Kyungsoo belini çıtlatıp oturduğu ağacın altından kalktı. Yaklaşık üç gündür Kai'yi şirketin kapısında bekliyordu ve Kai şirketten direk evi olduğunu tahmin ettiği şatomsu yere gidiyordu.
Dün Kai şirketten sabah birde çıkmıştı ve Kyungsoo eve geldiğinde annesinin ateşi vardı. Sabaha kadar onun başında beklemişti ve yorgunluktan ölüyordu.
Nasıl olsa işten sonra evine gidiyor bu günlük beklemesemde olur diye düşündü. Boş duran taksilerden birine doğru ilerledi ve evinin adresini verdi.
Taksi hareket ettiğinde Kai'nin arabasını gördü. Her zaman gittiği yönden farklı bir yöne gidiyordu.
Kyungsoo aceleyle taksiciye Kai'nin arabasını takip etmesini söyledi. Chanyeol onun haftada bir bara gittiğini söylemişti.
Taksi durduğunda çevresine bakındı. Çevresinde bir kaç tane bar vardı. Kyungsoo yanılmadığı için gülümsedi ve taksiden inip Kai'nin girdiği bara girdi.
Kyungsoo için böyle yerler fazla yabancı değildi daha önce Chanyeol'un tuzağa düşürmesini istediği adamlar içinde gelmişti ama sevemiyordu.
İstemeden yüzünü buruşturduğunda aklına Chanyeol'un ona daha önce söylediği sözler geldi.
"Sakın oraya yabancı olduğunu belli etme Kyungsoo. Avlanırsın."
Hemen surat ifadesini sabitleştirip gözleriyle Kai'yi aradı.
Köşede özel lobi olduğunu tahmin ettiği bir yerde oturuyordu. Tek başınaydı.
Kollarını uzun koltuğun iki yanına atmıştı, bir bacağını ritimli şekilde sallıyordu. Chanyeol ne demişti? Haftada bir kez bara gider onun haricinde evdeki kütüphanesinde ya da şirkette olur.
Kyungsoo istemeden güldü. Karşısında sokak serserisi vardı, gününü kütüphanede geçiren birisi değil.

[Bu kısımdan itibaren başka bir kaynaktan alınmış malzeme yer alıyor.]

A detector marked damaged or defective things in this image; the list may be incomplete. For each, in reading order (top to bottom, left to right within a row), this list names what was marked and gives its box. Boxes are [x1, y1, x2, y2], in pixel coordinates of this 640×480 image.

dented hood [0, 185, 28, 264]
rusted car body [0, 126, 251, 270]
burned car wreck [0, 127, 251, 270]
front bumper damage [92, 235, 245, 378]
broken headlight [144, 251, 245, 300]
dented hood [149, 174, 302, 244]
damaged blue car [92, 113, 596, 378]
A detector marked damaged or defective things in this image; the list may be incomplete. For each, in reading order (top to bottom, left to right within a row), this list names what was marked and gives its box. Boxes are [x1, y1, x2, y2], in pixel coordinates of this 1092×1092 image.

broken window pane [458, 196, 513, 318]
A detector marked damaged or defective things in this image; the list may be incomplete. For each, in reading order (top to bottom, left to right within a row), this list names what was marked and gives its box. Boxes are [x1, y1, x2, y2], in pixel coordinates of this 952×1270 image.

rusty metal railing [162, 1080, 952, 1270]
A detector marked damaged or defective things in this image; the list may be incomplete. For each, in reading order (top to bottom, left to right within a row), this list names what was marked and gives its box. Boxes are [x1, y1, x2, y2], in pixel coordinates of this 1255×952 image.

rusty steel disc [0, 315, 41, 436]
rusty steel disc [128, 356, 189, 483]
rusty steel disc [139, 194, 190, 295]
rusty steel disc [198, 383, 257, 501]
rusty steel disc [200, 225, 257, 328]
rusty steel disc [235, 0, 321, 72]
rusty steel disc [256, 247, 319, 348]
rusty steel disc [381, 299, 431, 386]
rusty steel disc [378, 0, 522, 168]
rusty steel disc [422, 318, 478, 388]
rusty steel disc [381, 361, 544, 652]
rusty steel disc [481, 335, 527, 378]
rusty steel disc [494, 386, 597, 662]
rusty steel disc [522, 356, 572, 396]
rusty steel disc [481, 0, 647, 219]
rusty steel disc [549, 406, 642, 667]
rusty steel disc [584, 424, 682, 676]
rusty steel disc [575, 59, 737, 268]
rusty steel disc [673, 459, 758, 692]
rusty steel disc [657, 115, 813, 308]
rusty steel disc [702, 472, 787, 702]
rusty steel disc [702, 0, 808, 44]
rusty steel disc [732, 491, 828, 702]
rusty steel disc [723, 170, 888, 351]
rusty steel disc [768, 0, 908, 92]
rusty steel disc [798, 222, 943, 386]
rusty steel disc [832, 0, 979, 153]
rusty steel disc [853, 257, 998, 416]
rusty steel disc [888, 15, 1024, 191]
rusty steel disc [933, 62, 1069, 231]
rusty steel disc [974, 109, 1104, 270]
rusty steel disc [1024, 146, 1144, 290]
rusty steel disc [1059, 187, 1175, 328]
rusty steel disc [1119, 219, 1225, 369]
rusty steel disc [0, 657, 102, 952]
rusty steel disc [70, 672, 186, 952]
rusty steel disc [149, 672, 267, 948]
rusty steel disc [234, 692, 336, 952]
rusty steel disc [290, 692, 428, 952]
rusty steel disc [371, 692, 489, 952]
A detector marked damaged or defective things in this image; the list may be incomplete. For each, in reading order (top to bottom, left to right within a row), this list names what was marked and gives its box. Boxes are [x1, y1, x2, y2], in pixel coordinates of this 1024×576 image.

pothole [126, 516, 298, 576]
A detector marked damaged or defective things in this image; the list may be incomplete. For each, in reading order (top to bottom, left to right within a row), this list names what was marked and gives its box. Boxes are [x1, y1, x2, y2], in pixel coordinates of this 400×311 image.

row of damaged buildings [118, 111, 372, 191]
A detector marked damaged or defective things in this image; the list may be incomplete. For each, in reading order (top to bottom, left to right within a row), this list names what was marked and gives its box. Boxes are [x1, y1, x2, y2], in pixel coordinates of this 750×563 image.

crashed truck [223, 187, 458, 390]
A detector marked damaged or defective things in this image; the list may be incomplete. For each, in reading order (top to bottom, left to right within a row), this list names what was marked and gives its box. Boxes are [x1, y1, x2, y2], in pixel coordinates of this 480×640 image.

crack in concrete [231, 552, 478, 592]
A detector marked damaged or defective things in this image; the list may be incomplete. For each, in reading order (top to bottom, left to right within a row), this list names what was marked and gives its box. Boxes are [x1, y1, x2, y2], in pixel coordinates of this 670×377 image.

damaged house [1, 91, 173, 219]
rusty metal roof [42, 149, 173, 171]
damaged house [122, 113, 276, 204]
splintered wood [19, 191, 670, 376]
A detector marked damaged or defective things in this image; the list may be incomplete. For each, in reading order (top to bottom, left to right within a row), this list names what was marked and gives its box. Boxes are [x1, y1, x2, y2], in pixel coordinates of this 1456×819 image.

Kai koltuğun kenarında ki elini gözünün hizasına getirip saattine baktı. Birini beklediğini düşündü Kyungsoo.
Girişte beklemeye son verip Kai'yi görebileceği bir yere oturdu.
Kısa boylu saçları açık kahverengi olan bir çocuk Kai'nin yanına gittiğinde Kai gülerek yerinden kalktı ve çocuğun saçlarını karıştı. Çocuksa karşılık olarak Kai'nin eline vurdu.
Sahi neydi çocuğun adı? Byun...Baekhyun?
Chanyeol en çok ondan korkması gerektiğini söylemişti. Bu çocuğun nesinden korkabilirdi ki?
Kai'yle Baekhyun hararetli bir sohbete dalmışlardı. Kai arada gülüyor, kaşlarını çatıyor, şaşırıyordu. Kyungsoo istemsizce gülümsedi.
Gülümserken gözü Baekhyun'a kaydı çünkü Baekhyun ona bakıp gülüyordu!
Baekhyun Kai'ye doğru gülümseyerek bakan çocuğu gördüğünde gülerek çocuğa bakıp içinden saymaya başladı. Eğlence çıkmıştı!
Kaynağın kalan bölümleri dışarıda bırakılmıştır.